Looking back, I can think of dozens of scientific experiments I and my classmates conducted during grade school. Whether it was as simple as mixing baking soda with vinegar, or as complex as heating some mixture over a bunsen burner until an explosion occurred, science was always a class filled with excitement, complexity, discovery and wonder.
While we often took time to celebrate after a successful [rather difficult] experiment, I do not remember ever hearing a teacher stop the class in humble adoration and reverence to the Creator of the universe. Not one line in my science book spoke of the attributes of God as they are revealed in science. I was never led to consider why science experiments were possible in such a diverse world. After watching the elementary volcano erupt, I was never led to praise God for His incredible faithfulness.
Consequently, I was never taught the whole truth. This is more than merely leaving out a simple fact - or, skipping a hypothetical chapter on how God relates to science. To leave God out of science is less than honest (albeit a passive and often unintentional dishonesty). It is a vital misrepresentation of the facts; a denial of true reality; and a disregard for the Person who holds all things together.

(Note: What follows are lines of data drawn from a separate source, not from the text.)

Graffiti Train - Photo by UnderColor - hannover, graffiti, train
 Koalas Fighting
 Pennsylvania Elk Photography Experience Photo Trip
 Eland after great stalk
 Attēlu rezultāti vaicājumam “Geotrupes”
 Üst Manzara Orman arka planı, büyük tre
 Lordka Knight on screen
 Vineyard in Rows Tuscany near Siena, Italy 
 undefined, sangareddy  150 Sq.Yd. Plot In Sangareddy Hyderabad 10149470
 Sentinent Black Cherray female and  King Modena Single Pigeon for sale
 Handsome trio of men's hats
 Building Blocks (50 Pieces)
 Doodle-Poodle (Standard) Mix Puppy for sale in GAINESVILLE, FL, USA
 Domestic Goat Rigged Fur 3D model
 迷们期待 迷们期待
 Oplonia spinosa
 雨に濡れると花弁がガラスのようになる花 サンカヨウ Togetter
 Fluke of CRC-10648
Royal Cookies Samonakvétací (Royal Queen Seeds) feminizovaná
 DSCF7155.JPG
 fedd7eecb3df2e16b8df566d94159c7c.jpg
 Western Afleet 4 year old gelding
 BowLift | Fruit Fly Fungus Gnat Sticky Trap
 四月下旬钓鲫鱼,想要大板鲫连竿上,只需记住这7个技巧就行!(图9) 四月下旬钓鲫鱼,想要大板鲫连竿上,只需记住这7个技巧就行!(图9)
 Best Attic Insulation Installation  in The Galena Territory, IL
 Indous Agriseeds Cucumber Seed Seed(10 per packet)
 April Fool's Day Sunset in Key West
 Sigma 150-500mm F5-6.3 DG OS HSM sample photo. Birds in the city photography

Instead of learning about God, students are often taught to believe and rely upon the existence of scientific laws. These laws exist in the universe. They are discovered and not invented. Laws indicate to us that there is such a thing as regularity in the universe - regularity that can be trusted and employed and even defined as "law." But this raises the question: What characteristics must a scientific law have in order to be a law? And, How do these characteristics relate to God?
First, scientists think of laws as universal in time and space. In other words, the laws to which scientists appeal (even with particular restrictions) apply to all times and all places. Vernon Poythress states, "the law, if it really is a law and is correctly formulated and qualified, holds for all times and all places." Baking soda and vinegar will foam every time they are mixed together (time and space) under the right environmental circumstances (restrictions).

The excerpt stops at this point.